== WHAT TO DO ==
Nothing but the lines from the start of the records through the line that contains "Wake Island Map" is to be copied, and each is to be copied exactly.

== EXTRACTED ENTRIES ==
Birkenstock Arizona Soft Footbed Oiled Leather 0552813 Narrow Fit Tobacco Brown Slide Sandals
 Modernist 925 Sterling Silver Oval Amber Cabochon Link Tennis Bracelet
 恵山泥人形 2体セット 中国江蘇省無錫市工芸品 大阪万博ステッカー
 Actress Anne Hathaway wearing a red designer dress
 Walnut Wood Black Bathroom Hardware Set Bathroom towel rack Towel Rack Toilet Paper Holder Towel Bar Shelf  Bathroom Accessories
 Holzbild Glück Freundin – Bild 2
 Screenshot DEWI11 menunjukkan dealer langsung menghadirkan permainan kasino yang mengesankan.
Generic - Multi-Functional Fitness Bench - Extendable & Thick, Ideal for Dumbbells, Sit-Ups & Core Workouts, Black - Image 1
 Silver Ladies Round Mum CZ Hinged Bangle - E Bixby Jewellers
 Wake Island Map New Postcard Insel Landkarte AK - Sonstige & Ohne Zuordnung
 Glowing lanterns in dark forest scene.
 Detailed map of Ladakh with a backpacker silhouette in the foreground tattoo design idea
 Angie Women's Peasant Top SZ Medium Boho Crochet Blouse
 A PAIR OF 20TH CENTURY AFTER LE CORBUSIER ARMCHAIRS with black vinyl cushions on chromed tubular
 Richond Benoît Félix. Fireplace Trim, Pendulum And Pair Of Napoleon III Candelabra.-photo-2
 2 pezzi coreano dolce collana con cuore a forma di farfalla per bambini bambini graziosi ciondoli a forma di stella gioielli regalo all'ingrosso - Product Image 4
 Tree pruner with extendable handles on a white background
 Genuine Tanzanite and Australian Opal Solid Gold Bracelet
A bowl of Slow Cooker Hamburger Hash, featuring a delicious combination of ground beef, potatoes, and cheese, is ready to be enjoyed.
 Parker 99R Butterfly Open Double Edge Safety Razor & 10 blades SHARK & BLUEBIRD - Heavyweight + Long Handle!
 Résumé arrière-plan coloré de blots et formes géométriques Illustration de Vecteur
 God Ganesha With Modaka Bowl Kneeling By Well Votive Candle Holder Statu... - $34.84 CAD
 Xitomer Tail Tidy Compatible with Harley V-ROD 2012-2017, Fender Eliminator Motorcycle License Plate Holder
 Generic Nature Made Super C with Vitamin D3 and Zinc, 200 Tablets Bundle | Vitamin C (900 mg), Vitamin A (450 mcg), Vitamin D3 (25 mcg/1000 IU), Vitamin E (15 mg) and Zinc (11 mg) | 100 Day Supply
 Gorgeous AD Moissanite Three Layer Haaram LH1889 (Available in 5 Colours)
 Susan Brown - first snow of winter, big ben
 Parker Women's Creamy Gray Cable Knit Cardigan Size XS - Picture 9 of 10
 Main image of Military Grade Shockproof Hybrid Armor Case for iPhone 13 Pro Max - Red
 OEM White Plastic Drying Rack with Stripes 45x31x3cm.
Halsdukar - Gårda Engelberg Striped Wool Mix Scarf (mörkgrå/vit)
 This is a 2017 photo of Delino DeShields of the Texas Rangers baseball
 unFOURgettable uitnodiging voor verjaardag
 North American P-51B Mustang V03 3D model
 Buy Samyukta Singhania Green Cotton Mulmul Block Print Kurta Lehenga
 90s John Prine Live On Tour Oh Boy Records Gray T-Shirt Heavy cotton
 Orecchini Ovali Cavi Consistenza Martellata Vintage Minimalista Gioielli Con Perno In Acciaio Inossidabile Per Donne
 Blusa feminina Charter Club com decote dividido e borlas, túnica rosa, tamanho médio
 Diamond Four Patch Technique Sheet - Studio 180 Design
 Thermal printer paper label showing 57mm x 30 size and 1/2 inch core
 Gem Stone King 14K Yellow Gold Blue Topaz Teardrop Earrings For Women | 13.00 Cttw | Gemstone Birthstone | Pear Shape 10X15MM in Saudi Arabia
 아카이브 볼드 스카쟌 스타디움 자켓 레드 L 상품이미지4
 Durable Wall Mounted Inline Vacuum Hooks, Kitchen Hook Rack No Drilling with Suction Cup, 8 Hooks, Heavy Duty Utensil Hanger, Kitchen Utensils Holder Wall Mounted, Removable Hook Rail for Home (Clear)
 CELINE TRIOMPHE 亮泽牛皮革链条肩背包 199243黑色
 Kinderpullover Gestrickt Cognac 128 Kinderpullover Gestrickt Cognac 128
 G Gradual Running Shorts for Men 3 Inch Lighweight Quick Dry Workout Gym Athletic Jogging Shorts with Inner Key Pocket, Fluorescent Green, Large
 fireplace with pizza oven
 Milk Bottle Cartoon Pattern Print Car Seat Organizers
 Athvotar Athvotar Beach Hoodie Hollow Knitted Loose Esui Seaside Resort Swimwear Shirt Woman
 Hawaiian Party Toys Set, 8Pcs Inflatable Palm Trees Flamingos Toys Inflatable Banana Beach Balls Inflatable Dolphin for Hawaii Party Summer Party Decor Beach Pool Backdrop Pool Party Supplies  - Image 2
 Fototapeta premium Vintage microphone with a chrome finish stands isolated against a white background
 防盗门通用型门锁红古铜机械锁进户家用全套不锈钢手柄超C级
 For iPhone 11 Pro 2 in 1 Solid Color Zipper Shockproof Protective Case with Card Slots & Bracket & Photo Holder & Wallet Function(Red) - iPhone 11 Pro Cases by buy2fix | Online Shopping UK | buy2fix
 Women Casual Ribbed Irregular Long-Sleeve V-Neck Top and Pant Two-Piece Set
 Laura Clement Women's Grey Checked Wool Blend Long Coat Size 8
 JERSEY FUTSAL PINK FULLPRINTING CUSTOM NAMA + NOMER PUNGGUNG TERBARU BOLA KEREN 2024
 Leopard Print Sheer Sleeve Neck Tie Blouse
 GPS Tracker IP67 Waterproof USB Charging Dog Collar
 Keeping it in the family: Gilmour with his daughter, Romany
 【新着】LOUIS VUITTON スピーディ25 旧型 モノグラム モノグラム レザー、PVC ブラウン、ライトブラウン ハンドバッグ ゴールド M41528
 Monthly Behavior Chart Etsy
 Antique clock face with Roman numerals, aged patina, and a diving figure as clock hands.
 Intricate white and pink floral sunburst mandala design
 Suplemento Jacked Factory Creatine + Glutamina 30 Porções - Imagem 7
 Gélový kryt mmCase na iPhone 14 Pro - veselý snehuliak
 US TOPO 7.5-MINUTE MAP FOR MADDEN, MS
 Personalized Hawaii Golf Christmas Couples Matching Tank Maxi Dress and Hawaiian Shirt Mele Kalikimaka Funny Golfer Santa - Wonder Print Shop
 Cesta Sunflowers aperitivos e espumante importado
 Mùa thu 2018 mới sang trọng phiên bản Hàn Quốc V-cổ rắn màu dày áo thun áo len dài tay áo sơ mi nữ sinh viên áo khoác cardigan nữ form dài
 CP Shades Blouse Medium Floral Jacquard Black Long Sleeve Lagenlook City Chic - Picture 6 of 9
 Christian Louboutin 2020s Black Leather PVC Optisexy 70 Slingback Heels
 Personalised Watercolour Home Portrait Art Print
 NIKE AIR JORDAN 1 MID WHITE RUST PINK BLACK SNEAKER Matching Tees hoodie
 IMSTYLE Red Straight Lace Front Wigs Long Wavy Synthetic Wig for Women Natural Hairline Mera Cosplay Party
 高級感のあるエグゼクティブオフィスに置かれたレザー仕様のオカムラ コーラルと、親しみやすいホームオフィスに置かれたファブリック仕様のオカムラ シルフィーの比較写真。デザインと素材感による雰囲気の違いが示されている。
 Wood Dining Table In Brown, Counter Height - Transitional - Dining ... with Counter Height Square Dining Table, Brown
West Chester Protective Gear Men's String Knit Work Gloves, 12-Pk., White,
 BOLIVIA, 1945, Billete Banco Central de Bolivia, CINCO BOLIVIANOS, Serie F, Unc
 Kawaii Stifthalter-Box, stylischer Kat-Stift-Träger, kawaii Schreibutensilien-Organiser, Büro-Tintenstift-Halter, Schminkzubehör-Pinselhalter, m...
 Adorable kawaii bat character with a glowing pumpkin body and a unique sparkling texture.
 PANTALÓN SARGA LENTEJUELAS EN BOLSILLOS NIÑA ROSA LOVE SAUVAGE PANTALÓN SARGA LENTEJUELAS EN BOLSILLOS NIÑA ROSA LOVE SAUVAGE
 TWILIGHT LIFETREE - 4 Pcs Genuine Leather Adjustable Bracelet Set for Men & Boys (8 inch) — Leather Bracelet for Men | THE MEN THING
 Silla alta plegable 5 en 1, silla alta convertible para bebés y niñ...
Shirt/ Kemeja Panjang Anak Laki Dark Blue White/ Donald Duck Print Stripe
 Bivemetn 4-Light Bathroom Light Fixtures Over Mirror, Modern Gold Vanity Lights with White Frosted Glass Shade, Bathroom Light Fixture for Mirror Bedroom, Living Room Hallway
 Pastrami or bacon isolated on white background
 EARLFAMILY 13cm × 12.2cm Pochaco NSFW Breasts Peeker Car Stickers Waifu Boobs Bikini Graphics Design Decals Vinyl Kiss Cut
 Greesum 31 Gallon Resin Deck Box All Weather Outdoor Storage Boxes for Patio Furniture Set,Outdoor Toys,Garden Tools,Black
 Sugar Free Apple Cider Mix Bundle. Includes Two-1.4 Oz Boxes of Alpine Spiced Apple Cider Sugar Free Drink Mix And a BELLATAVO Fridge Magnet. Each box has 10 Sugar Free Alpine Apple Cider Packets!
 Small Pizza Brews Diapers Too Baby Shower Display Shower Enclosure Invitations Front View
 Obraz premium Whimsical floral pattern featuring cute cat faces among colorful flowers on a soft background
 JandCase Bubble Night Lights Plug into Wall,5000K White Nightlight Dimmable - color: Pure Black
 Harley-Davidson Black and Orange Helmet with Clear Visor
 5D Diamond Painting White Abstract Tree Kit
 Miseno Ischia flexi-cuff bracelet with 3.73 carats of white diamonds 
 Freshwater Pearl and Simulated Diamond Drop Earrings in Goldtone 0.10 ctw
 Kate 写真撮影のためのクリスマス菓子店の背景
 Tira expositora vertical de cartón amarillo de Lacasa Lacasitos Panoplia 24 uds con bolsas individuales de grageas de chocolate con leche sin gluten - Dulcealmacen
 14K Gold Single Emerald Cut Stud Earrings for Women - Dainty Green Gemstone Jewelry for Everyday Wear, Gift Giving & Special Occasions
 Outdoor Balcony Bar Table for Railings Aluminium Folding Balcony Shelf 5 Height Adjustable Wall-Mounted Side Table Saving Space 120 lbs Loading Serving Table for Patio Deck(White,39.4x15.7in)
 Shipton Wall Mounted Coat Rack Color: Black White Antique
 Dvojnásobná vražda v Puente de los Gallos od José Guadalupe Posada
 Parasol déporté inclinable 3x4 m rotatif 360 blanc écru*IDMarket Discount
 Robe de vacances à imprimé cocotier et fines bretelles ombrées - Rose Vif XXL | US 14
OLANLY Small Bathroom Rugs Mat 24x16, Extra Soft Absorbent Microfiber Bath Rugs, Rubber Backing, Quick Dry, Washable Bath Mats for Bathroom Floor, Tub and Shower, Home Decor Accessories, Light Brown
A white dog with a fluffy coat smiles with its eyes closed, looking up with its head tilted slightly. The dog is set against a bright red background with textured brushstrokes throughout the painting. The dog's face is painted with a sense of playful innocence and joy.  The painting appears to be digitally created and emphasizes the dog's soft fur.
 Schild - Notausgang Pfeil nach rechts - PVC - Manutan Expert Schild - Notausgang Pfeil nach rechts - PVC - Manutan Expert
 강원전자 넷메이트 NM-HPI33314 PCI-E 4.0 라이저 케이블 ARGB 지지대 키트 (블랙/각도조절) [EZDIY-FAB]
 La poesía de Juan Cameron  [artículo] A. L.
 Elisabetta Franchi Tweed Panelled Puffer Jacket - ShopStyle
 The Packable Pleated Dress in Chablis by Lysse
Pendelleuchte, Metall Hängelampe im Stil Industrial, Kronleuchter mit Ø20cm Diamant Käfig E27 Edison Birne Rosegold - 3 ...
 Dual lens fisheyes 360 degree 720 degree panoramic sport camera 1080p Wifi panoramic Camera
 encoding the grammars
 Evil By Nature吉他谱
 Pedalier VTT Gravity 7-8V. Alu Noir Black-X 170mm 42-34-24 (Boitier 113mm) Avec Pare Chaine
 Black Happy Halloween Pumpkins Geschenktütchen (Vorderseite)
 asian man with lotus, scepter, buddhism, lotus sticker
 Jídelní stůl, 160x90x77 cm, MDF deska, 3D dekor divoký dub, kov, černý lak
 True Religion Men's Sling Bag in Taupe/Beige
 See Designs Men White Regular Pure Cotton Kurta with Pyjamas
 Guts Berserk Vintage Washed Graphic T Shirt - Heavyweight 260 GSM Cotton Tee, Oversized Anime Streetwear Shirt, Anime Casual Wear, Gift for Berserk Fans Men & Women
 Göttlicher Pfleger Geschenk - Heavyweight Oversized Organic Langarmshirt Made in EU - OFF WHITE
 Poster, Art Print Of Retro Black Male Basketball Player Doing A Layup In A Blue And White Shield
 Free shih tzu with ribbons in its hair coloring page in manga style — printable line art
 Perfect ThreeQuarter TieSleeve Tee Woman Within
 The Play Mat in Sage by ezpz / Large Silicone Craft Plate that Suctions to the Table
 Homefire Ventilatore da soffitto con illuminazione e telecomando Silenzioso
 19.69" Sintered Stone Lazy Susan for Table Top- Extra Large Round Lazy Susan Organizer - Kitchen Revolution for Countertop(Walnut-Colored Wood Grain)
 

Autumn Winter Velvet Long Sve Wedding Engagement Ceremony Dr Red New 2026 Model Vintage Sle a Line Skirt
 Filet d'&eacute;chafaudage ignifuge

== EXPECTED ANSWER ==
Birkenstock Arizona Soft Footbed Oiled Leather 0552813 Narrow Fit Tobacco Brown Slide Sandals
 Modernist 925 Sterling Silver Oval Amber Cabochon Link Tennis Bracelet
 恵山泥人形 2体セット 中国江蘇省無錫市工芸品 大阪万博ステッカー
 Actress Anne Hathaway wearing a red designer dress
 Walnut Wood Black Bathroom Hardware Set Bathroom towel rack Towel Rack Toilet Paper Holder Towel Bar Shelf  Bathroom Accessories
 Holzbild Glück Freundin – Bild 2
 Screenshot DEWI11 menunjukkan dealer langsung menghadirkan permainan kasino yang mengesankan.
Generic - Multi-Functional Fitness Bench - Extendable & Thick, Ideal for Dumbbells, Sit-Ups & Core Workouts, Black - Image 1
 Silver Ladies Round Mum CZ Hinged Bangle - E Bixby Jewellers
 Wake Island Map New Postcard Insel Landkarte AK - Sonstige & Ohne Zuordnung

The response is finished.